In pandas we generally select data through the use of two methods:

  • loc, which selects by using labels
  • iloc, which selects by using integer numbers
  • ix, which selects using an index

We may also avoid the usage of these methods and let pandas infer if we are selecting by label or by an index integer number, but this is not adviced, it is always better to be specific to not make the code look ambiguous.

Selecting with Labels (i.e., loc)

In order to select by labels we use the loc method:

ds.loc[0:4, ['column1','column2']]

This can be considered another way to remove columns and just keep those in which we are interested:

ds.loc[:, ['column1','column2']]
ds.loc[0:4, 'column1':'column2']
df.loc[:, df.columns.str.startswith('foo')]

If we have indexes which are not integer, we can take advantage of loc capabilities, e.g.:

df.loc['2016-01-11', ['column1', 'column2']]

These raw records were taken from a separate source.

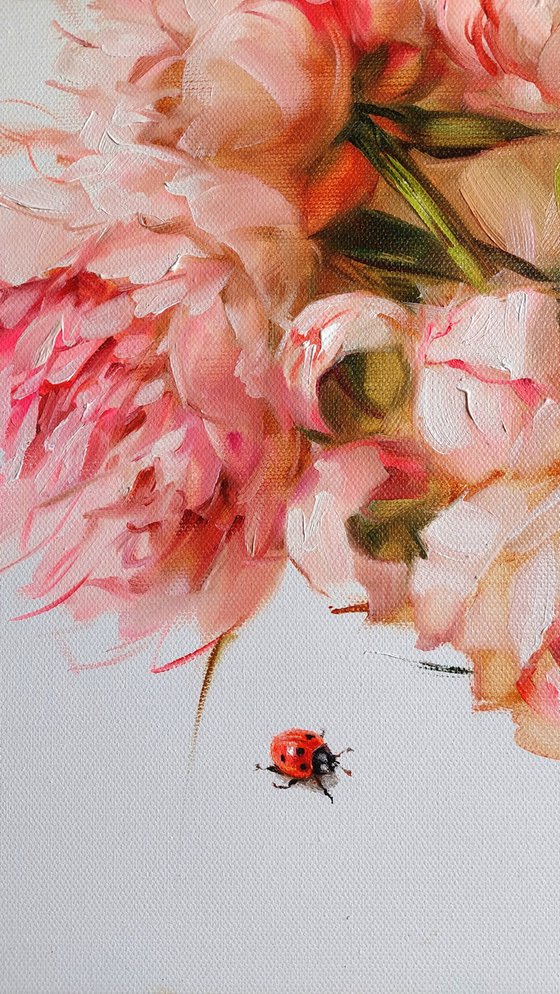 Peony oil painting original canvas art, Lady bug Pink flowers oil artwork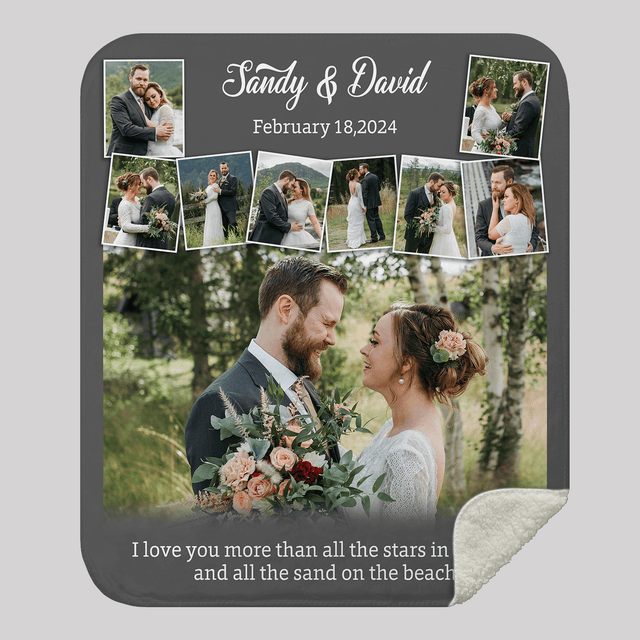 Custom Wedding Photo Collage Blanket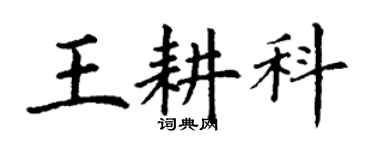 丁謙王耕科楷書個性簽名怎么寫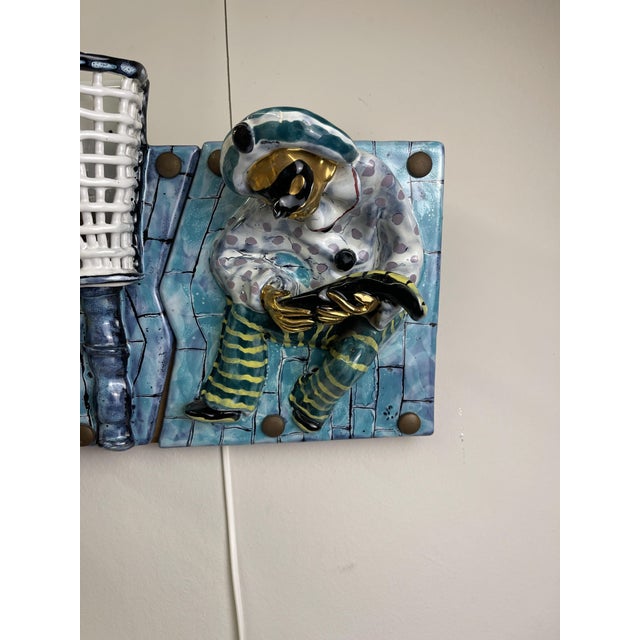 Ceramic Panel with 7 Tiles and Lights in Ceramic from San Polo, Italy, 1950s For Sale - Image 7 of 17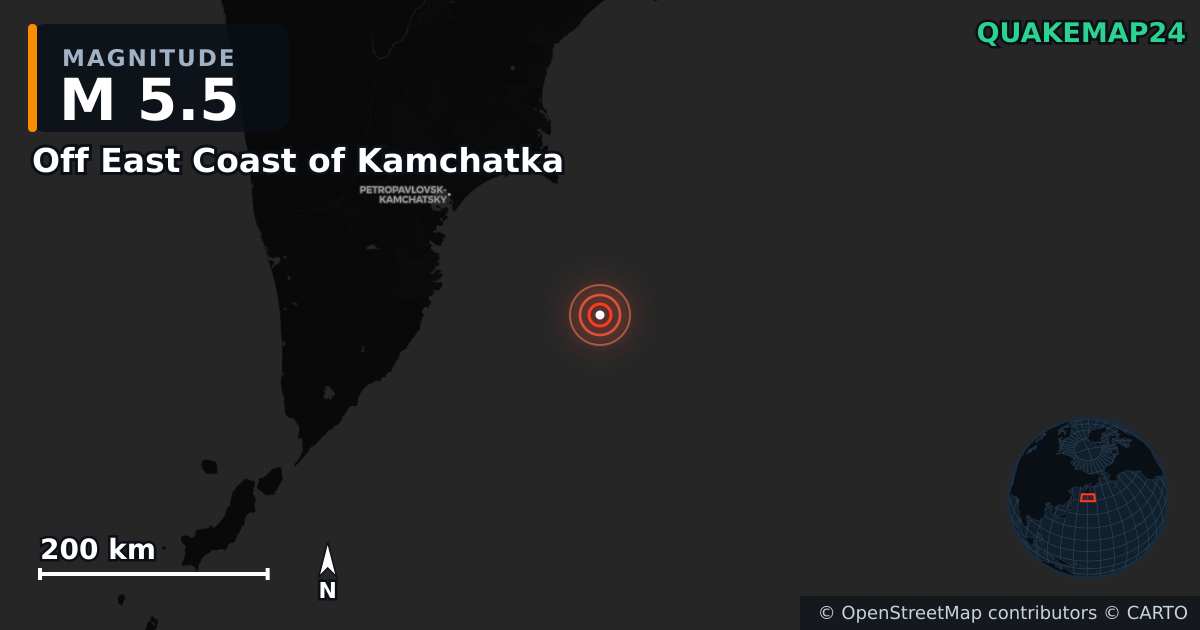 M5.5 earthquake near Off East Coast of Kamchatka on Jul 31, 2025 — map of epicenter and shaking intensity | QuakeMap24
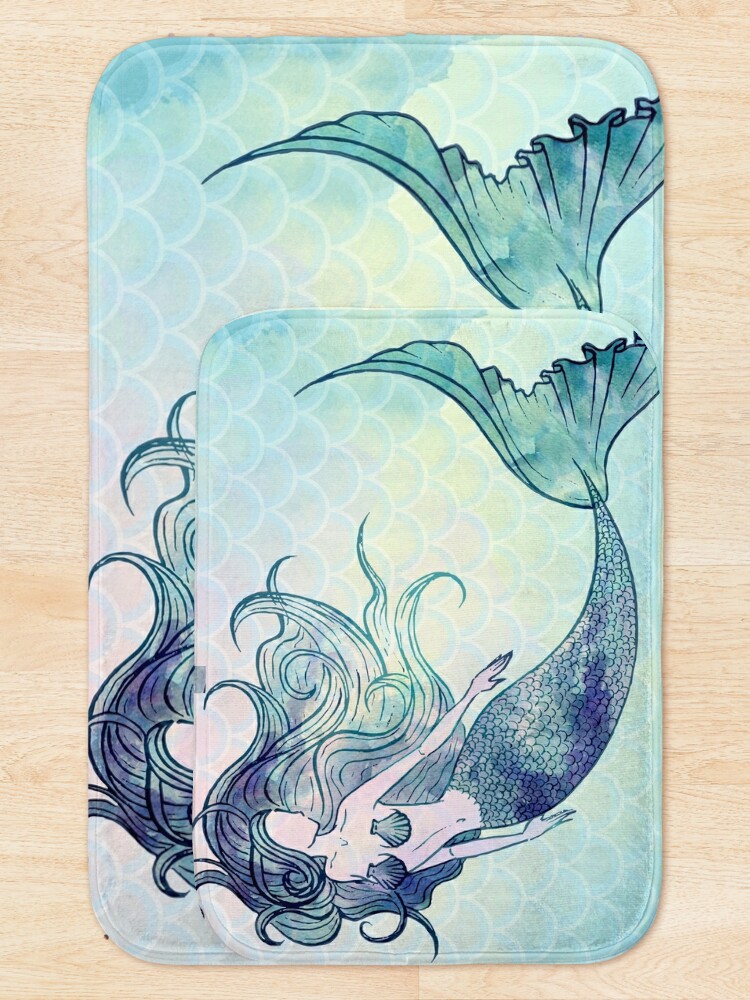 Alternate view of Watercolor Mermaid Bath Mat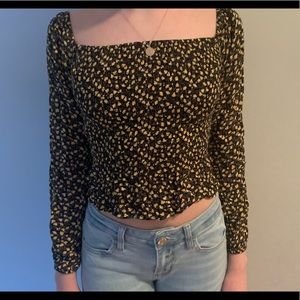 Black w yellow flowers off shoulder long sleeve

Selecting and changing a specific value

If we want to modify the value in column 'b' which is on the first row we can do:

df.loc[1, 'b'] = 'XXXXXX'

Selecting with Numbers (i.e., iloc)

We can use iloc if we want to select data referring to numbers for columns like:

ds.iloc[:, 0:4]

We can also combine iloc and loc with:

army.loc['Arizona'].iloc[2]

This will select the row with the index name called 'Arizona' and the third column belonging to this raw

Selecting with Indexes(i.e., ix) (this is deprecated)

Let's say we want to print the row with the maximum value for a specific column, we can do:

max_index = df.columnname.idxmax()
df.ix[max_index]